[Records contained in a dataset]
--- START ---

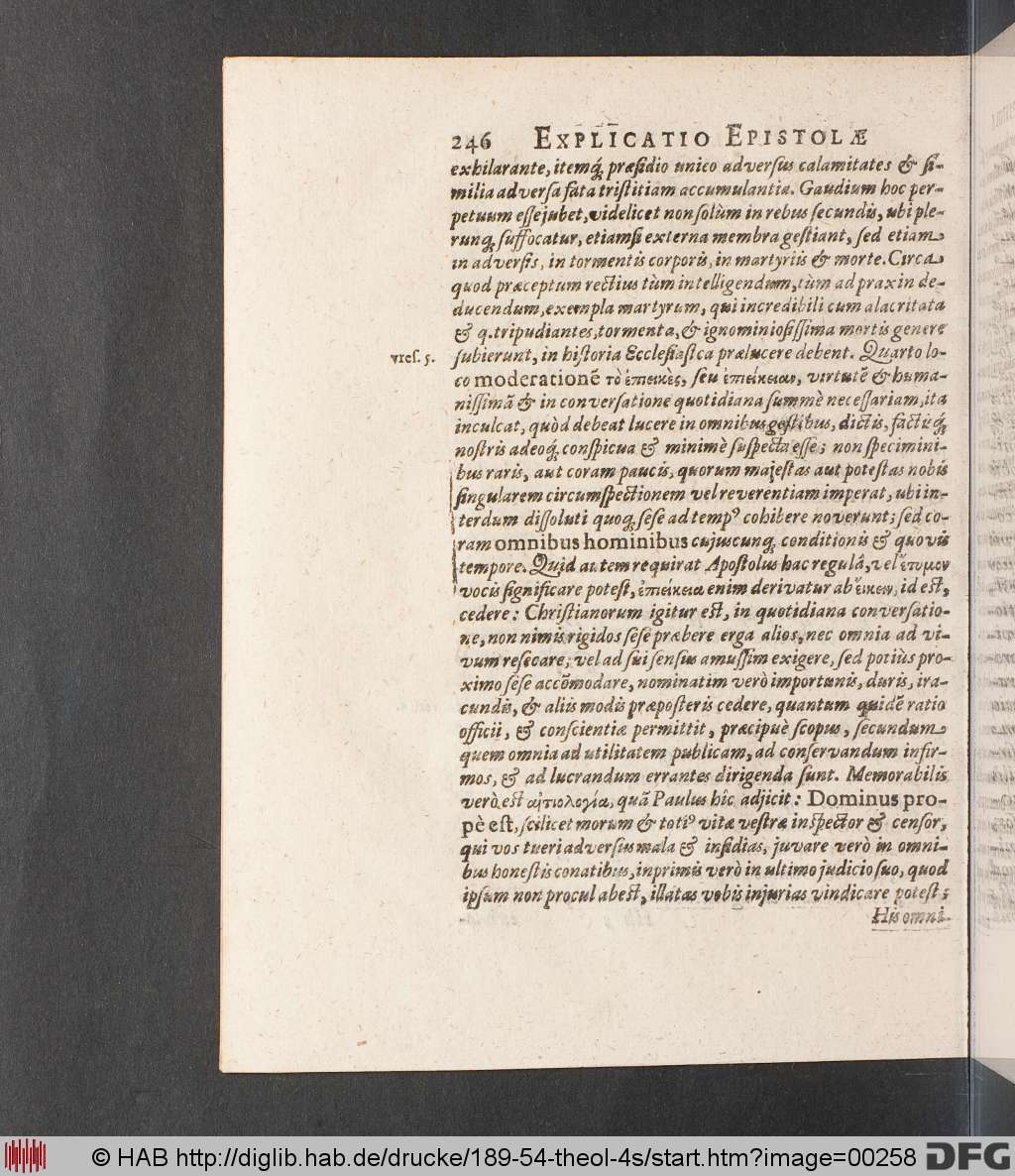 http://diglib.hab.de/drucke/189-54-theol-4s/00258.jpg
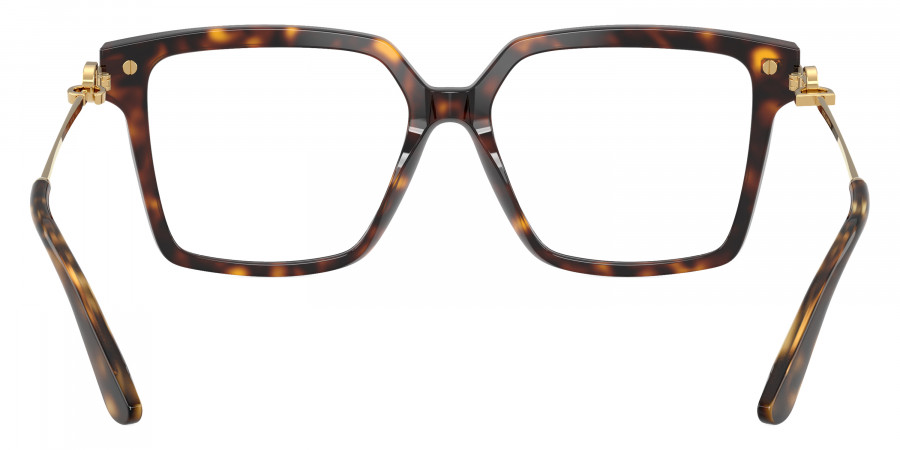 Dolce & Gabbana™ - DG3397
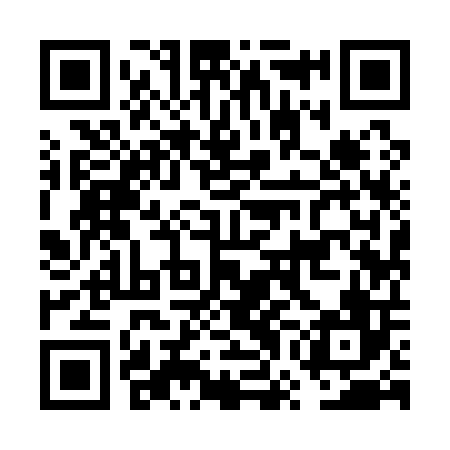 QR code for FWI106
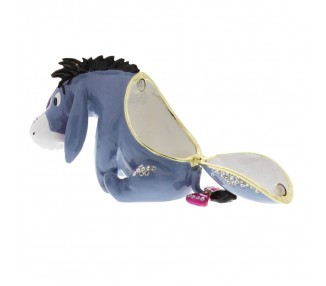 Joyero Winnie the Pooh Disney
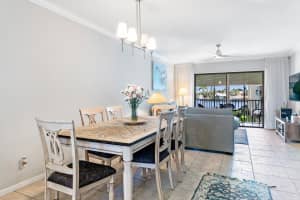 646 Snug Harbor Dr APT H208, Boynton Beach, FL 33435, Sold 03/24/23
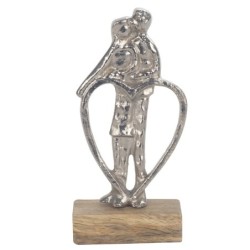 ORIGEN Home Decor - Figura...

--- END ---

**WHAT THE TASK ASKS**
Only one thing is required here: an exact copy of the lines from the one bearing "QR code for FWI106" through the final line above, both included, with pictures left out.

**TASK RESPONSE**
 QR code for FWI106
 Joyero Winnie the Pooh Disney
 646 Snug Harbor Dr APT H208, Boynton Beach, FL 33435, Sold 03/24/23
 ORIGEN Home Decor - Figura...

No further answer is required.